MR. QUINN: This is Matt Quinn. This seems like something, de-identification
validation, and re-identification ability, seems like something that NISS could
provide technical guidance towards, if they haven’t already. My takeaway is
that, as opposed to everybody reinventing this for every contest and
everything, that guidance does exist today. I will talk to Kevin Stein and Matt
Shoal(?) at NISS to see that. It seems like a great joint project with HHS and
MR. SOONTHORNSIMA: You talked about a lesson learned in terms of balancing
the trade-offs, because along the way, you talked about truncating data, claims
data, promissory data and so forth. The richness of data, because of
re-identification risk, therefore, you start taking away pieces of information,
pieces of data. Therefore, the richness of data and the ability to stratify its
more useful purpose may have diminished as a result of that. I guess, what is
your reaction to that comment?
MR. GLUCK: I would agree. I think again, that is why the balance has to be
struck. I am not sure where I am sitting now, I guess about my job, that is a
difficult question. I have to leave it to policymakers to figure out where that
balance should be.
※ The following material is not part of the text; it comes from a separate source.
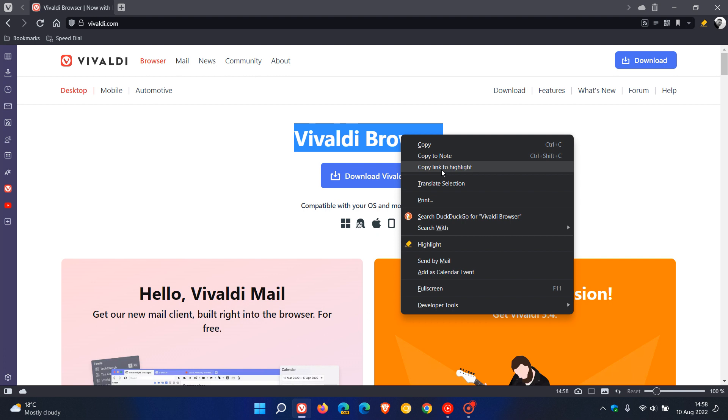Because Vivaldi is based on the open source chromium platform when the page loads it'll directly go to that part of the text instead of to the top of the page or the article that you have sent and that's what Vivaldi is mentioning in the release notes for copy link to highlight.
I agree wholeheartedly with the comment.
DR. CARR: Thank you very, very much. We really appreciate you taking the
time and very exciting, very thoughtful work, and we are looking forward to see
who wins the prize. With that, I believe it is almost time to conclude the full
committee meeting. Before we do, I want to again express my gratitude to all of
the people that I have worked with, as chair of the committee, particularly
obviously Jim and Marjorie taught me so much, and our incredible staff,
Catherine and Debbie, Marietta, Janine and Nicole, Susan, and also to John and
Shanda for helping us with our acoustics. Of course, to the very able staff, to
Matt, Lorraine, Maya, all of you, it has been really my privilege to serve as
chair of this committee. With that, I will entertain a motion to adjourn.
(Whereupon, at 2:02 p.m., the meeting was adjourned.)